On April 1, 2016, many Indian companies began phasing out older accounting standards known as Indian Generally Applied Accounting Principles (GAAP) in favour of Indian Accounting Standards (Ind AS), which are more closely aligned with International Financial Reporting Standards.

The move is meant to make global comparisons easier and improve transparency and disclosures, thereby boosting the overall quality of financial reporting in India and painting a more accurate economic picture.

Corporate India’s transition to Ind AS has been staggered - in the first year, only listed and unlisted companies with a net worth of more than Rs 500 crore were required to adopt Ind AS. Starting April 1, 2017, all other listed companies and unlisted firms with a net worth of more than Rs 250 crore had to migrate. Adoption is voluntary for all other companies outside those categories.

Chartered accountants say Ind AS may give the illusion of greater profitability for some companies and sectors while having the reverse effect on others.

Under the new accounting norms, the telecom sector expects significant reporting adjustments regarding reported net worth, revenue recognition, taxes, financial instruments, business combination and consolidation.

A KPMG report found that, after adopting Ind AS, the telecom industry made downward adjustments to net profit of more than Rs 592 crore, based on results declared as of August 31, 2016.

The introduction of Ind AS will impact each sector’s operating metrics differently. Here’s a look at the accounting standards most affected in the telecom industry:

Revenue recognition principles
Telecom firms have multiple streams of revenue from multiple goods and services. Under Indian GAAP, revenue from postpaid service is recognised on an accrual basis over the period in which the service was consumed, while prepaid revenue is recognised as soon as a plan is purchased.

Under Ind AS, an entity can combine more goods and services for accounting purposes than it did in the past, but the revenue earned in each transaction must be split up for multiple elements using fair value principles.

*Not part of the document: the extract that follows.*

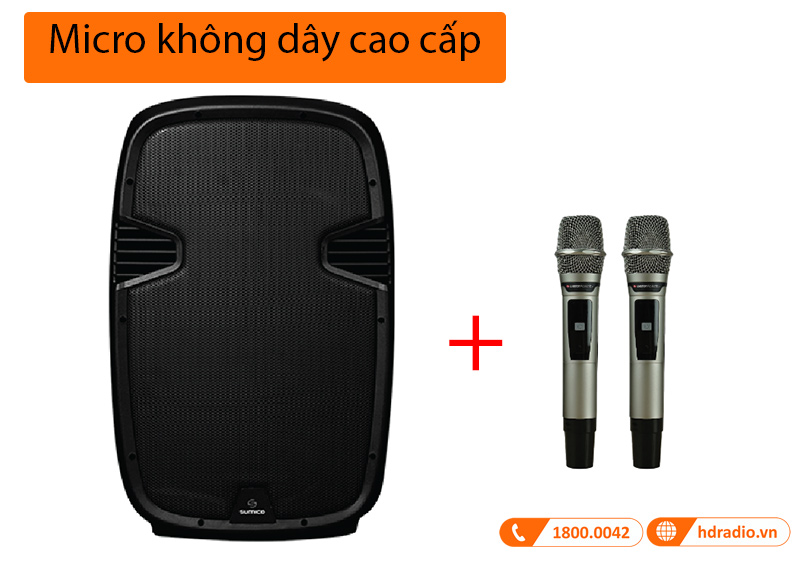 Loa Sumico on the go 12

As the telecom industry involves contracts, there may be additional revenue attribution arising from these performance obligations and companies will have to disclose any uncertainty around revenue and cash flows from contracts with customers.

The capital intensive telecom sector in particular could be vulnerable to more writedowns on account of investments made to increase market share that may take time to realise.

Fair valuation of financial instruments
One major difference between Indian GAAP and Ind AS is the latter’s emphasis on fair value accounting.

Under Indian GAAP, companies follow a historical cost based approach. However, under Ind AS, fair value accounting has to be adopted, specifically for assets and liabilities. Since most telecom companies have huge debt from heavy investments in wireless infrastructure and spectrum auctions, restating balance sheets at fair value will affect these liabilities.

Consolidation of joint ventures
Several telecom players have banded together to provide shared infrastructure such as towers. This contributes revenue to some of the companies and will have to be accounted for under changes in consolidation of revenues from joint ventures.

As per the latest legal news in India, after a merger between Idea Cellular Ltd. and Vodafone Group Plc’s India unit on the cards, consolidation means some assets, such as licenses, may also have to be written down.